Return the lines of the material below exactly, beginning with the line that has "Инвертор VFD004L21A совершенно новый" in it and finishing with the line that has "8Five2 Restobar Taco" in it. Leave all pictures aside.
::: RECORDS PROVIDED :::
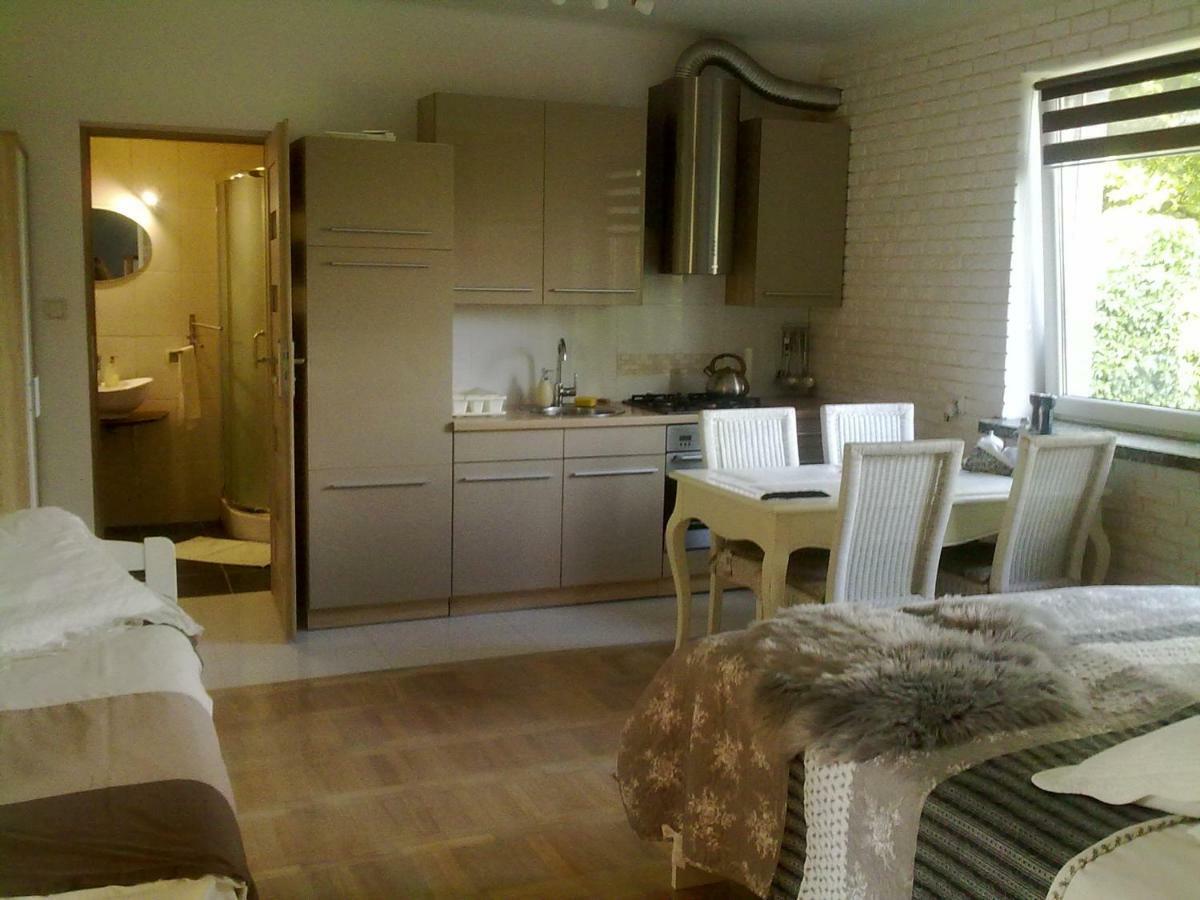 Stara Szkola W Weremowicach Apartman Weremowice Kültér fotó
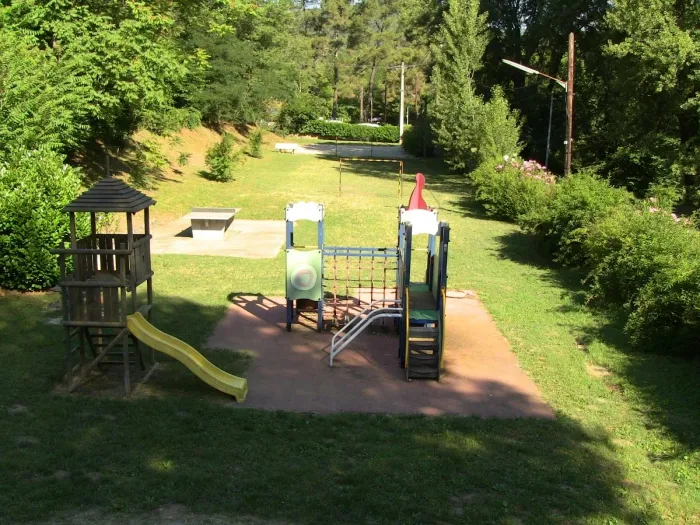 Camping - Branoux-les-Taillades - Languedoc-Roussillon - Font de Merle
:::
::: RECORDS PROVIDED :::
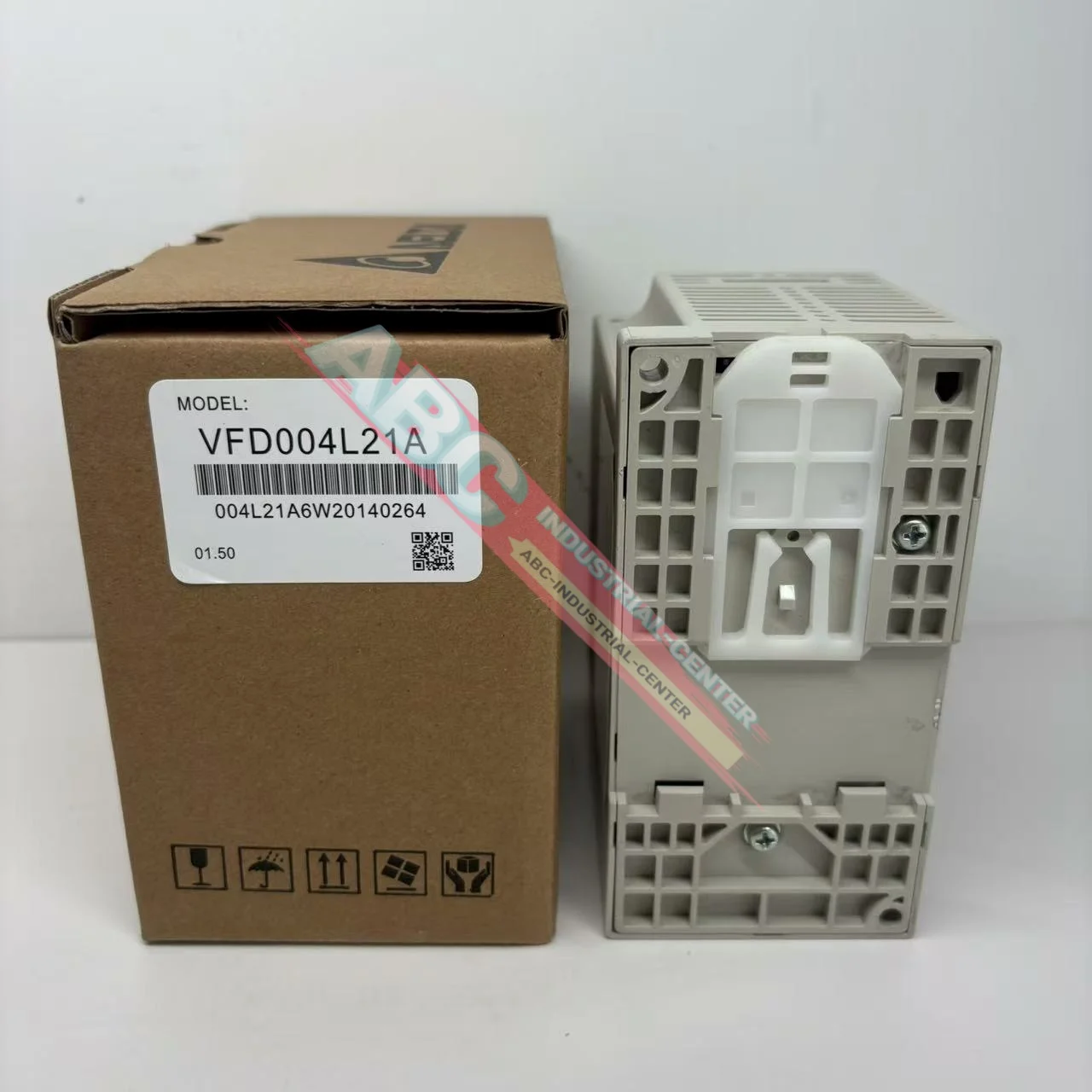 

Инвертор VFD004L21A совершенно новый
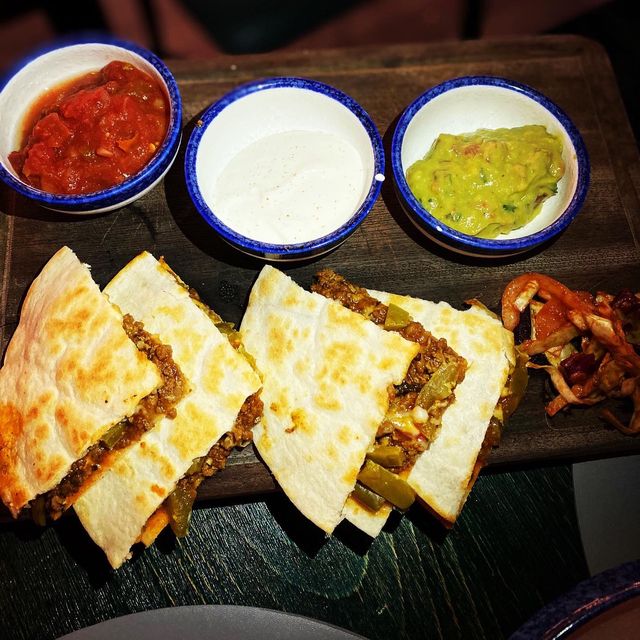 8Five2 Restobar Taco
:::
::: RECORDS PROVIDED :::
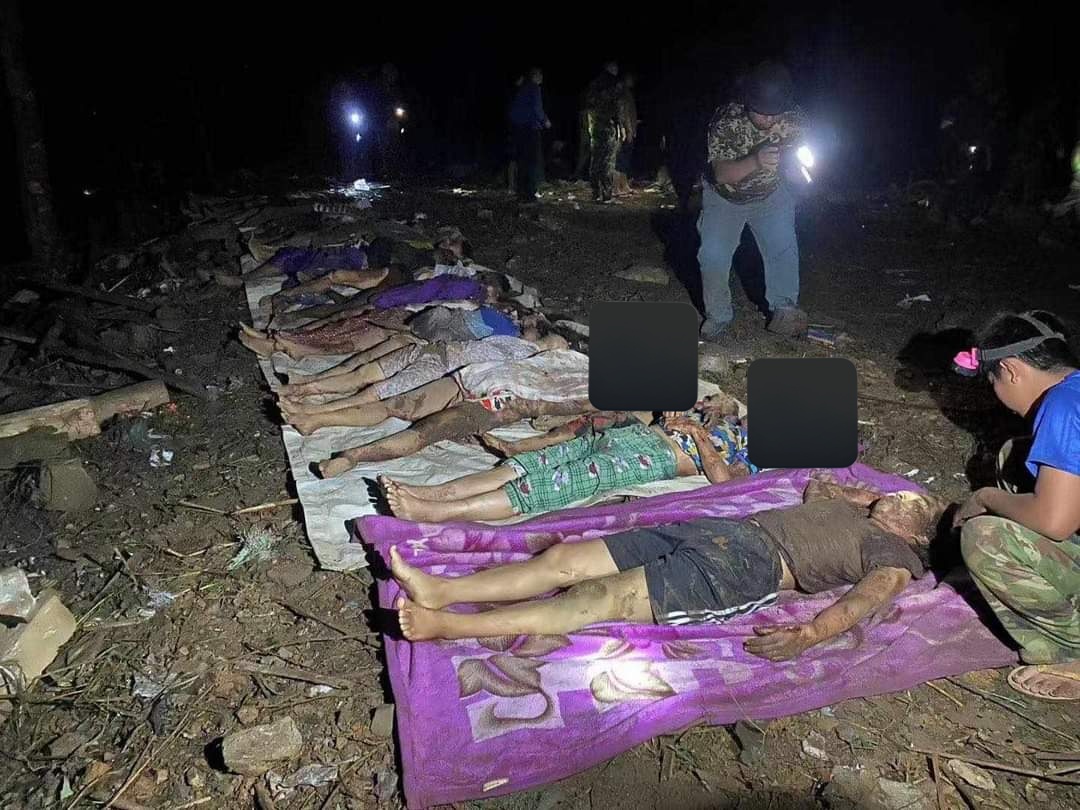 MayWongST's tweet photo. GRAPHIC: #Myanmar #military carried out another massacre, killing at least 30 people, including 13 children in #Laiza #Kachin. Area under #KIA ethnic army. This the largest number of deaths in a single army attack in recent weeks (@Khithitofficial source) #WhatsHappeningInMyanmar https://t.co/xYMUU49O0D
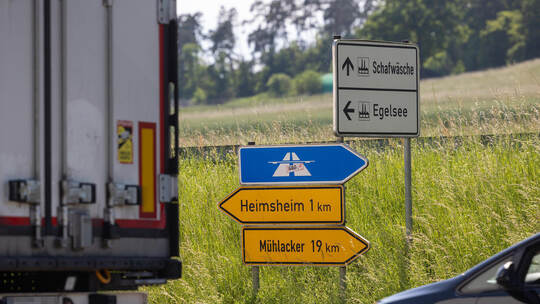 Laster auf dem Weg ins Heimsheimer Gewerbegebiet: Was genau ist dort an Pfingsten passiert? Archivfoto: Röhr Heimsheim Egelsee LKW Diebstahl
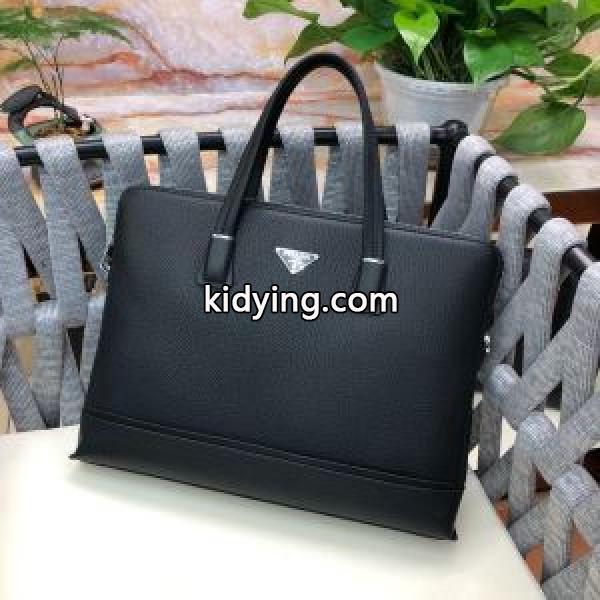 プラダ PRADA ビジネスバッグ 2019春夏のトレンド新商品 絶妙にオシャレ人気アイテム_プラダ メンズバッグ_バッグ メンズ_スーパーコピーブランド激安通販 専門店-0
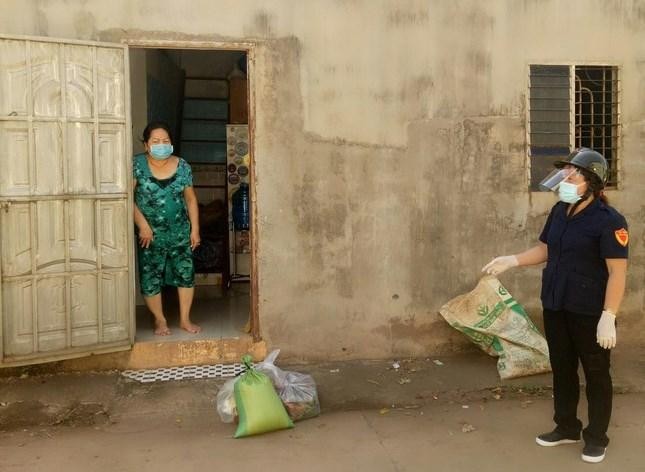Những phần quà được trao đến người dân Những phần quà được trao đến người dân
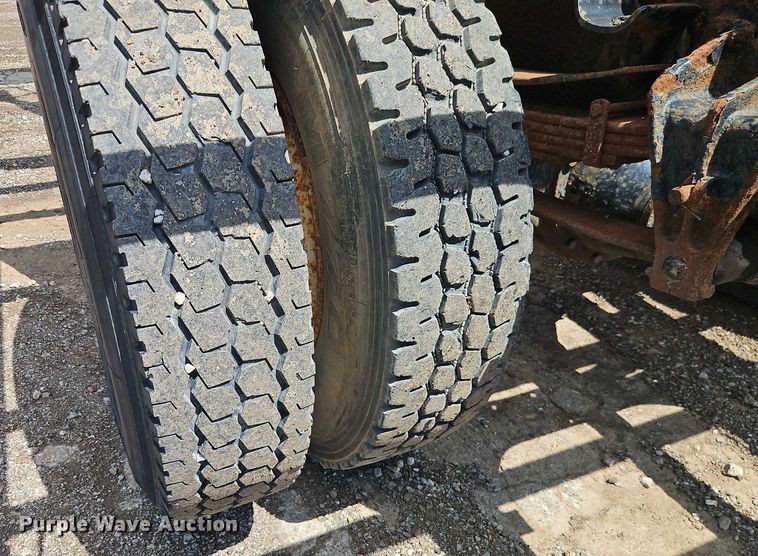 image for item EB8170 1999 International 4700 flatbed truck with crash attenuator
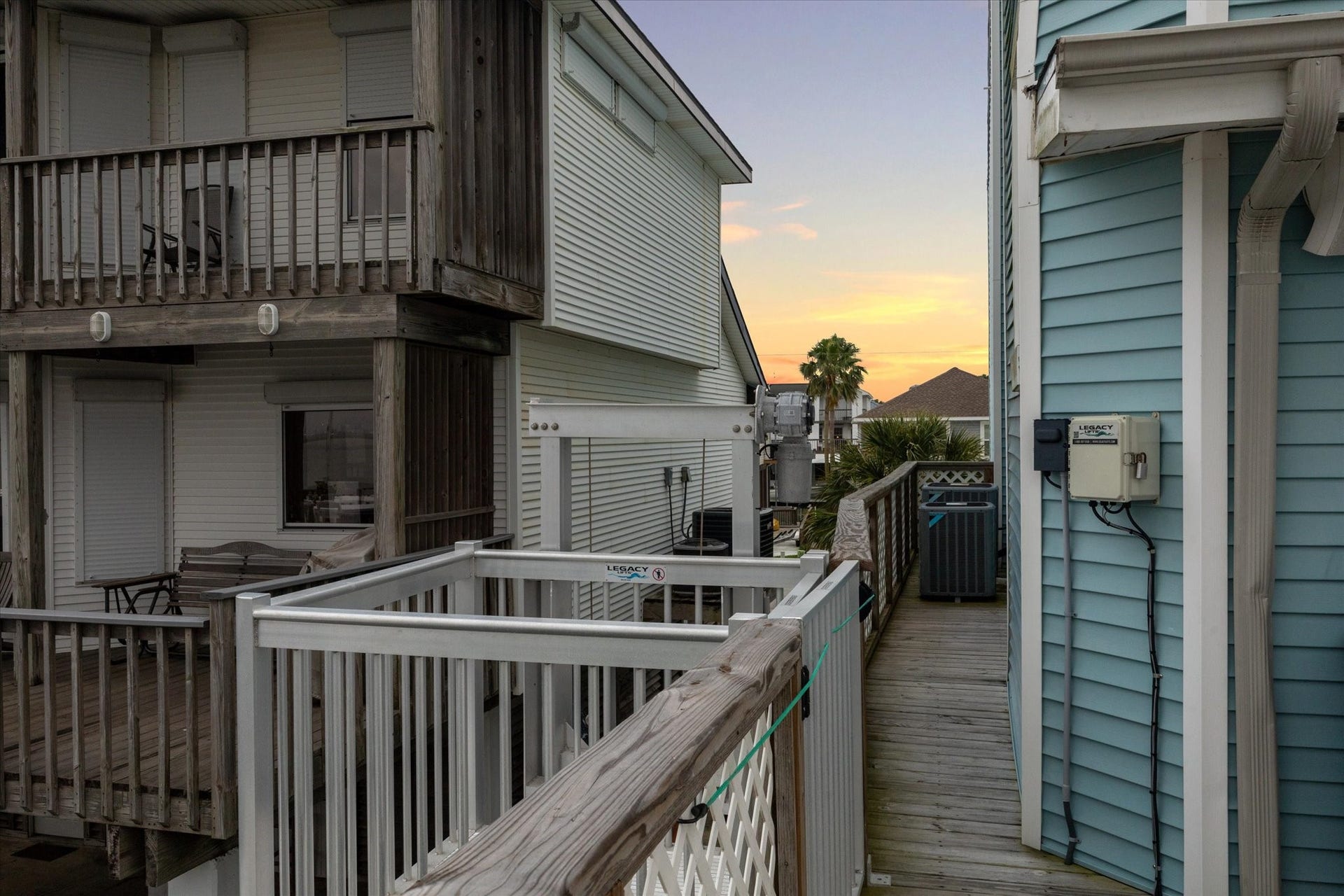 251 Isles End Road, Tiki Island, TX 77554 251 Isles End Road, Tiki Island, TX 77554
:::
◆ **SOLUTION TO THE EXERCISE**
Инвертор VFD004L21A совершенно новый
 8Five2 Restobar Taco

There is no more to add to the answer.